- _Exercise details_: With the pictures omitted, repeat exactly the lines below starting with the line that has "Bracelet duo Albane" and going on through the line that has "Juego de mesa arschmallows".

- _Material for this exercise_:
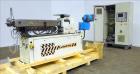 Used Leistritz Type ZSE 27 GL/40D Twin-Screw Extruder.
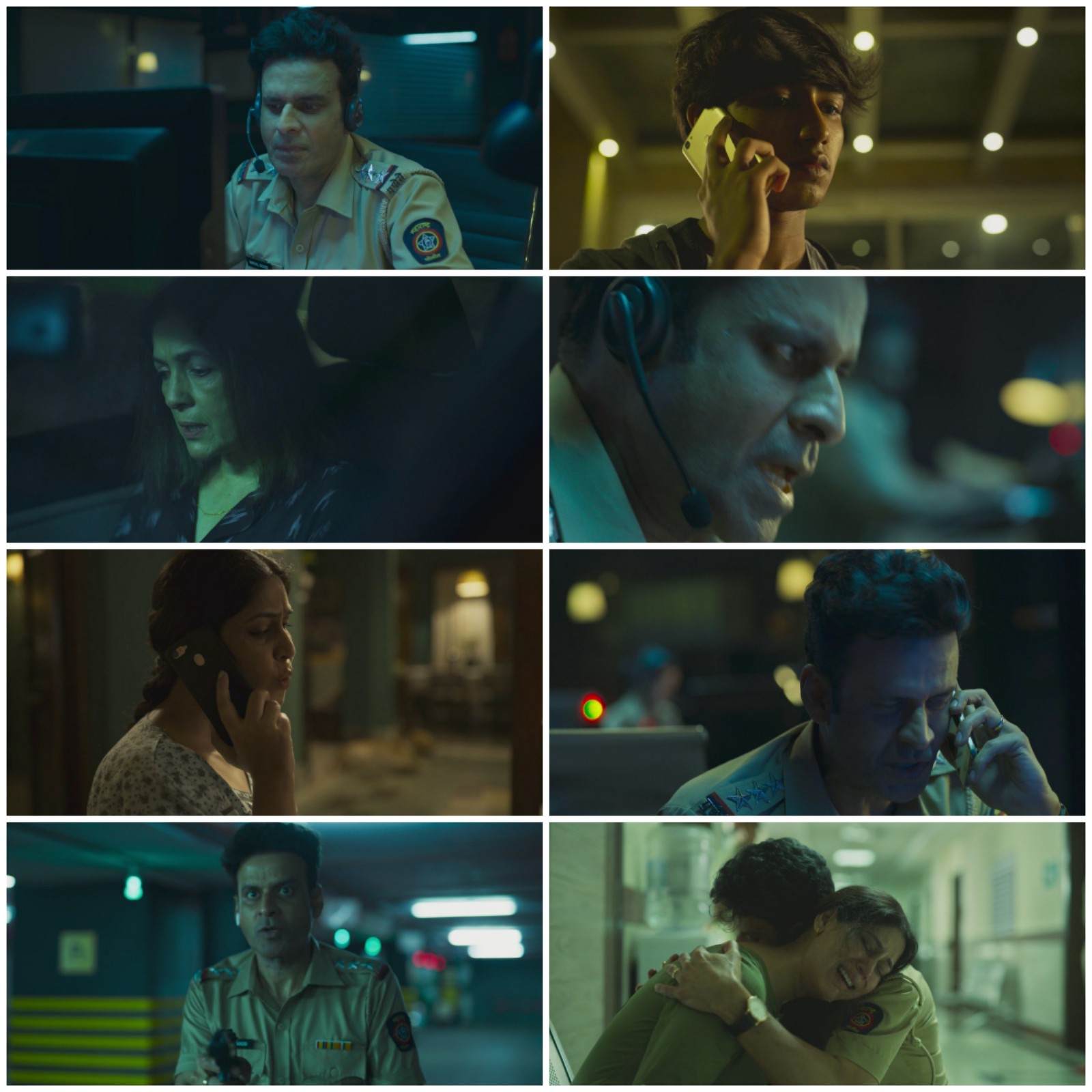 Dial 100 (2021) New Hindi Full Movie HD 480p 720p 1080p Screenshot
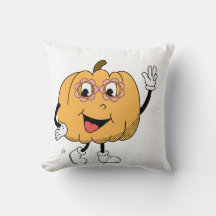 Calabaza divertida
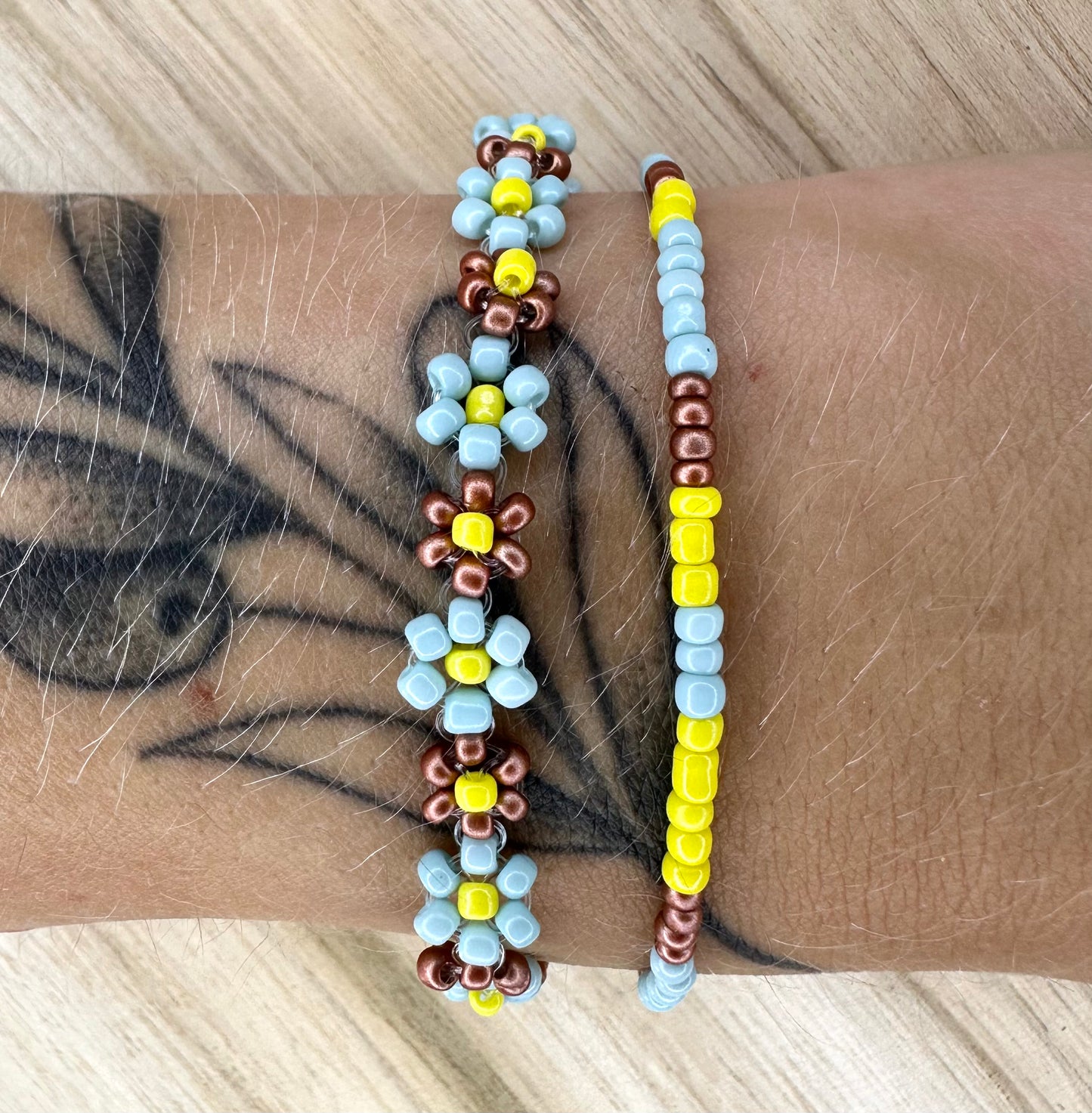 Bracelet duo Albane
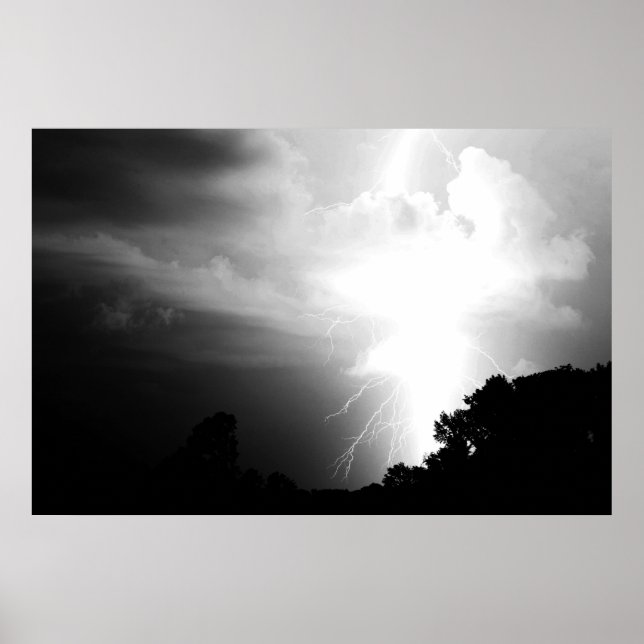 Big Strike Poster (Front)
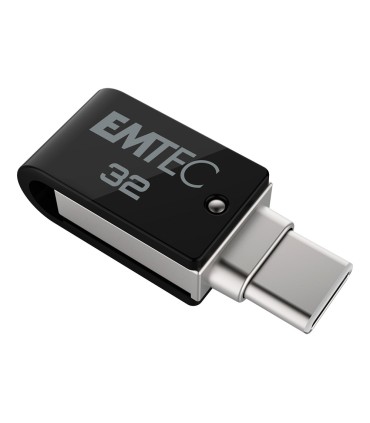 Memoria emtec usb 32 dual mobile go type c usb 32 gb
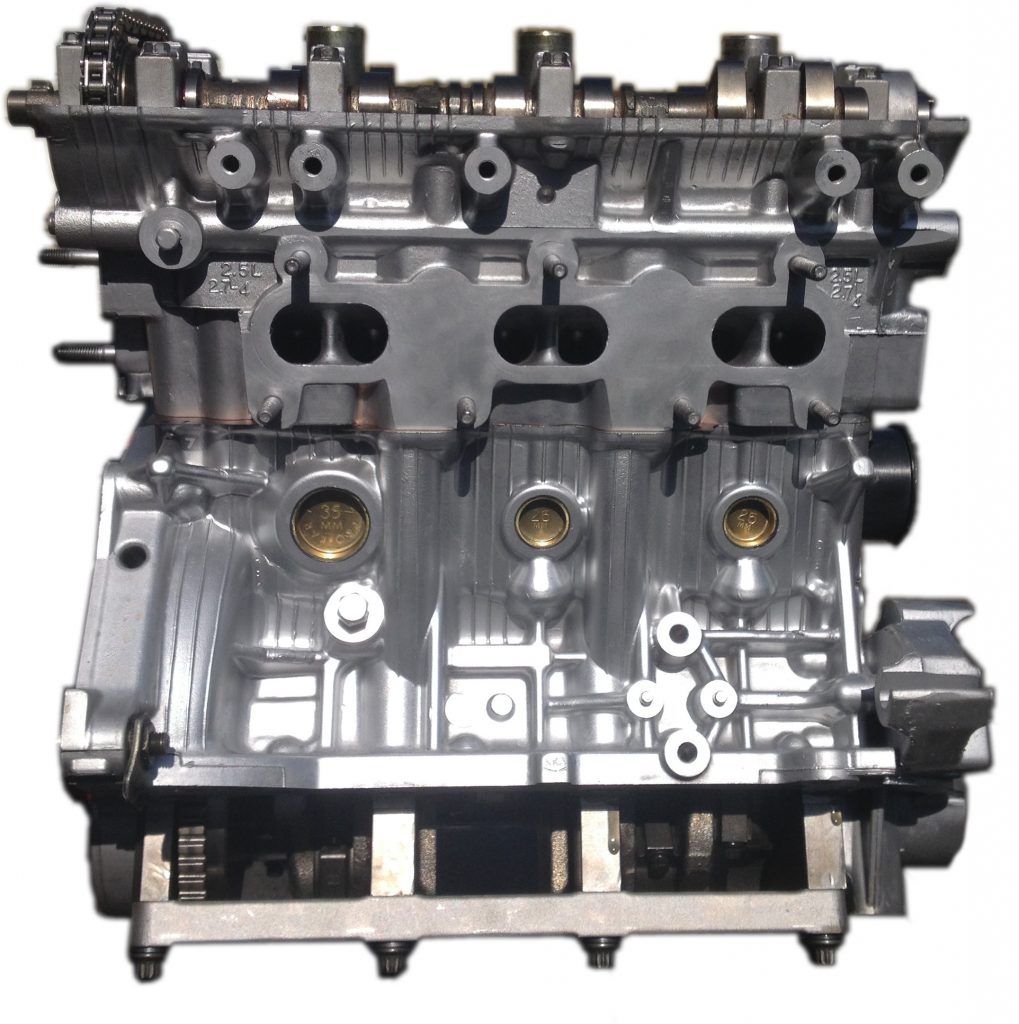 Rebuilt 01-06 Hyundai Santa Fe 2.7L 6 Cyl Engine « Kar King Auto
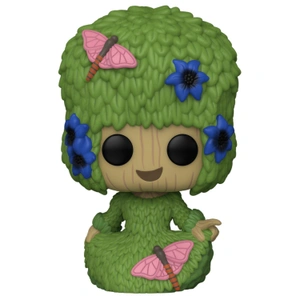 Фигурка Funko POP! Bobble Marvel I Am Groot Fancy Groot Marie Hair (1191) 70649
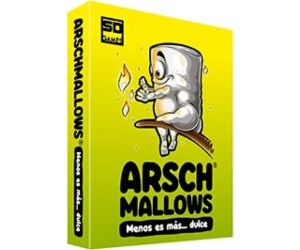 Juego de mesa arschmallows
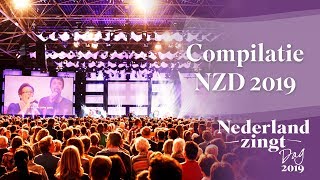 Compilatie Nederland Zingt Dag 2019  Nederland Zingt [upl. by Kwon]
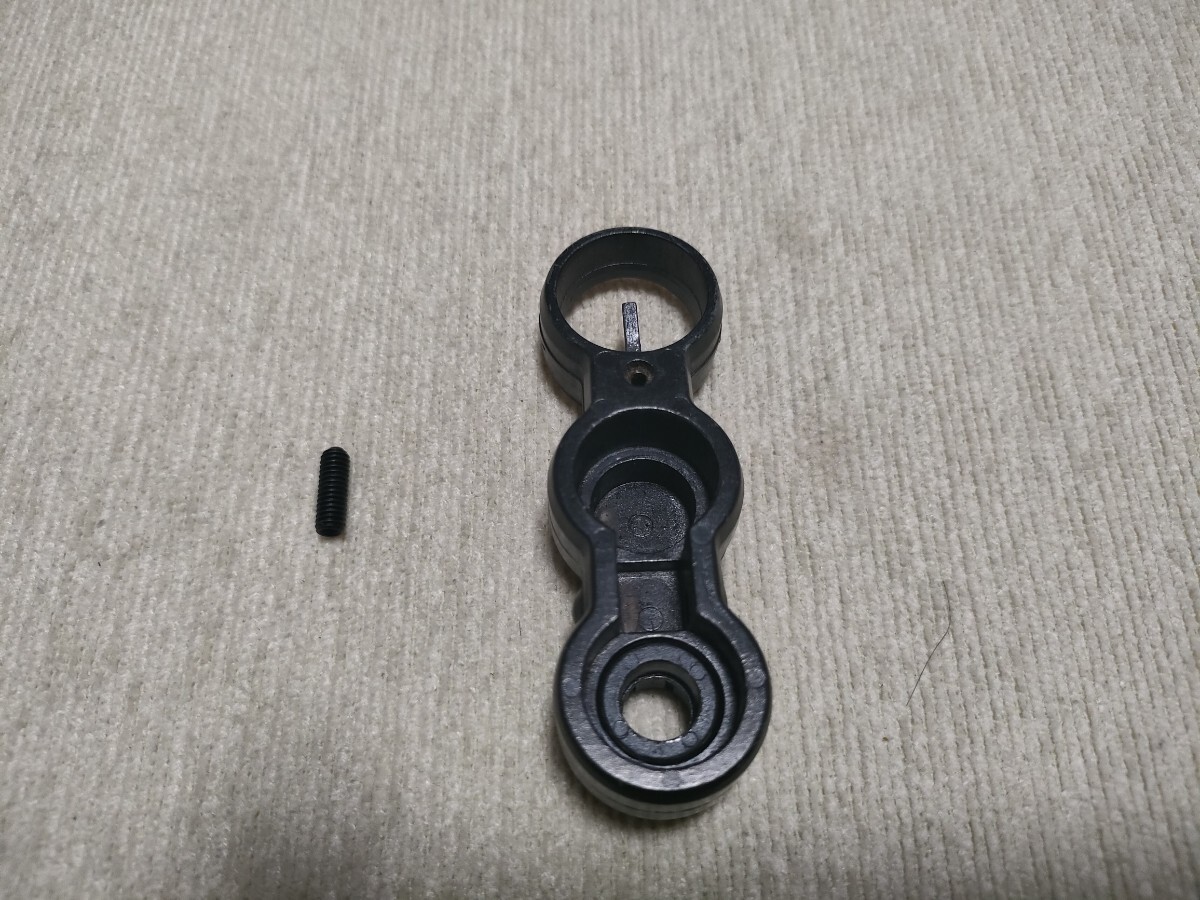 東京マルイ MP5K HC フロントサイト&マズル_4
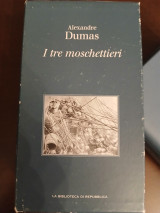 I tre moschettieri
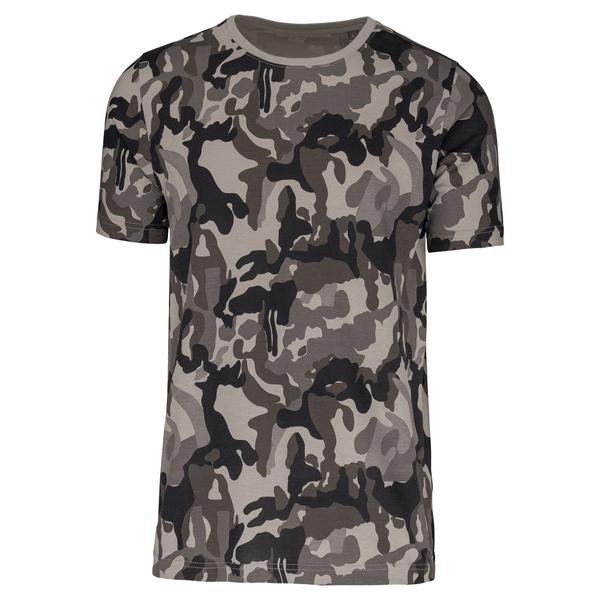 couleur Grey Camouflage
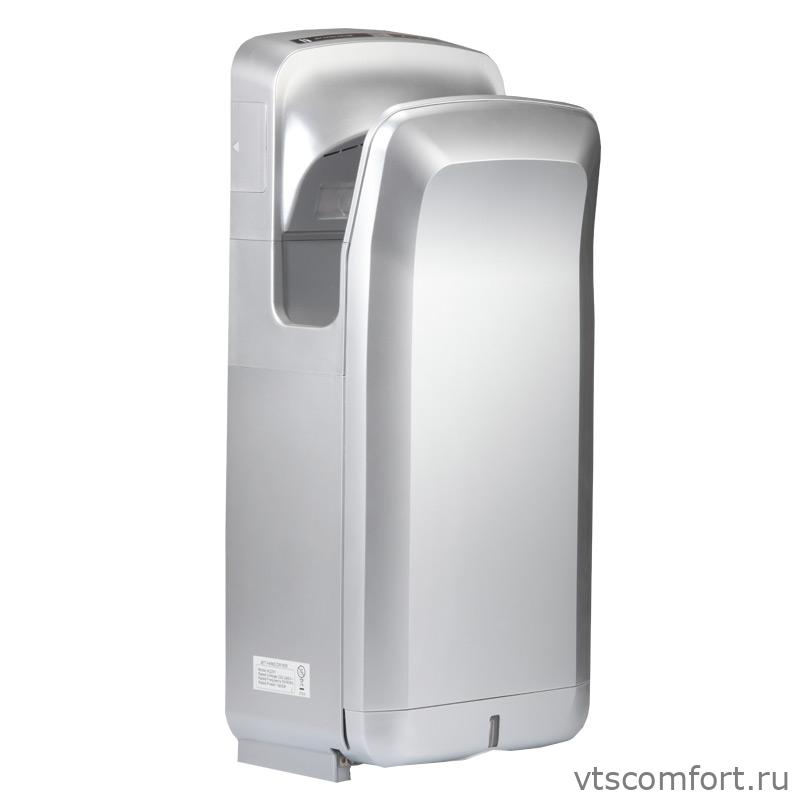 Фото Автоматическая сушилка для рук Ksitex M-7777C JET высокоскоростная с диплеем Изображение Автоматическая сушилка для рук Ksitex M-7777C JET высокоскоростная с диплеем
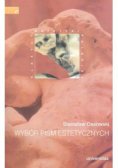 Ossowski Wybór pism estetycznych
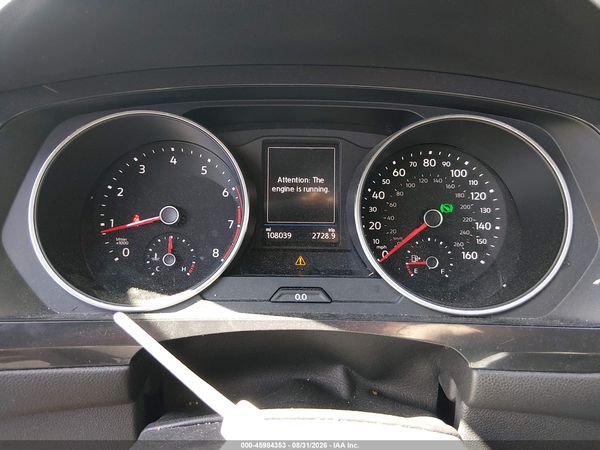 2019 VOLKSWAGEN TIGUAN — I7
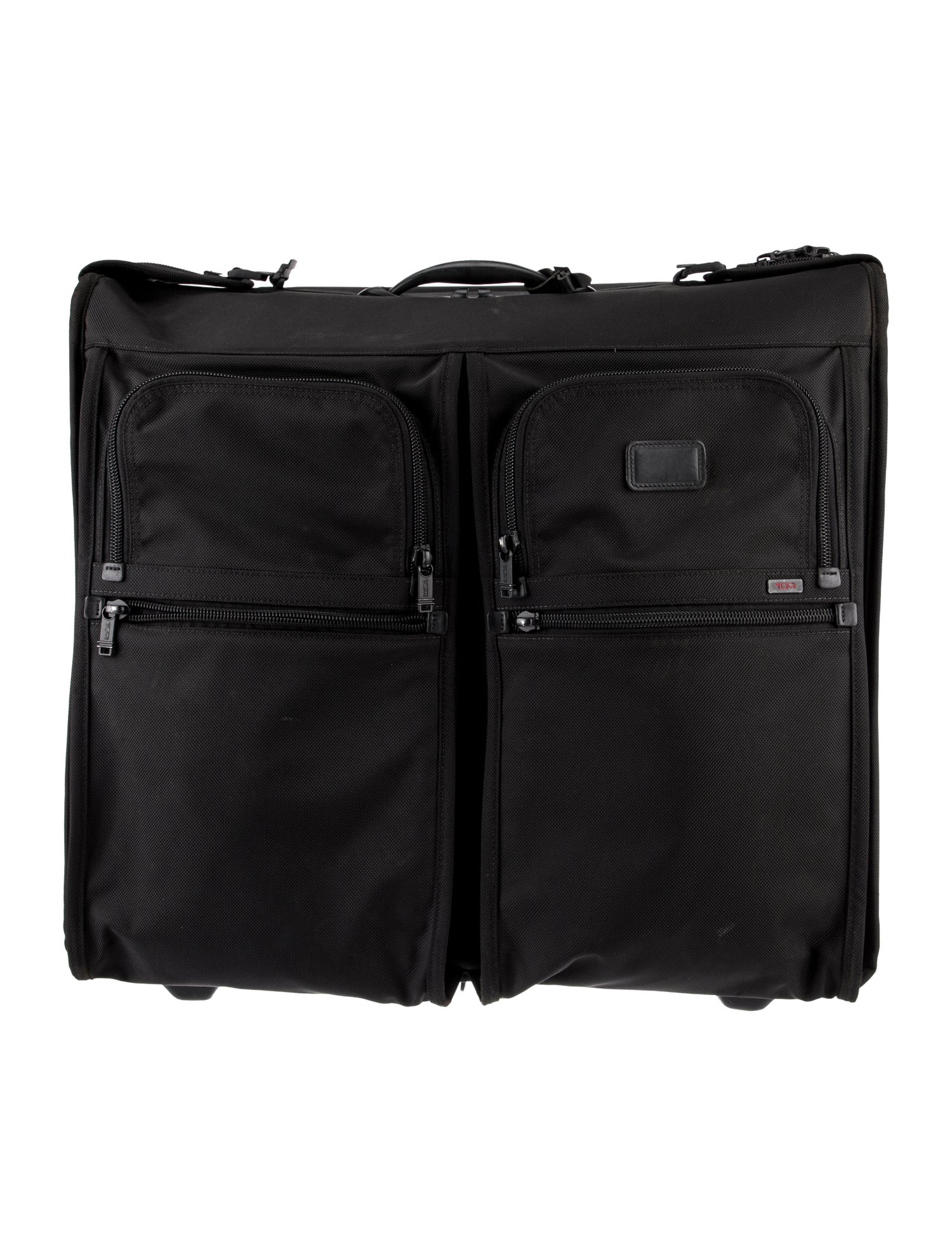 Tumi Travel Suitcase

- _Solution to the exercise_:
 Bracelet duo Albane
 Big Strike Poster (Front)
 Memoria emtec usb 32 dual mobile go type c usb 32 gb
 Rebuilt 01-06 Hyundai Santa Fe 2.7L 6 Cyl Engine « Kar King Auto
 Фигурка Funko POP! Bobble Marvel I Am Groot Fancy Groot Marie Hair (1191) 70649
 Juego de mesa arschmallows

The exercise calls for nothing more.